After months and months of just being sick, my dad has really turned things around and stepped back into the role of a leader and has done great things for my Paw Paw’s shop. Up until his last breath he was a hardworking man. I don’t want that to go unnoticed.
These last couple years I have had the privilege to live in the rent house behind my parent’s. My dad cried when I moved away to Austin when I was 18, but I am sure he cried harder when I moved back to Kingsville.
My dad was 54 when the Lord called his son, but looking back I don’t quite believe he lived those years consecutively, because he sure didn’t act his age most of the time.
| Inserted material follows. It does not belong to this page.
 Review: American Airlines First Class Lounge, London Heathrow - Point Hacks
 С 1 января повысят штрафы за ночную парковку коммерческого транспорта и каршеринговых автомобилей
My relationship with my Dad sure wasn’t like any other Father Daughter relationship that I know. Not even the same as the one my sister and he had. Of course he would tickle us until we peed-a-little just the same, he’d probably pinch the part between our neck and shoulder a-little-too-hard just the same, or “cut” our noses with his rough fingers pretending they were scissors just the same, but our relationship was unique.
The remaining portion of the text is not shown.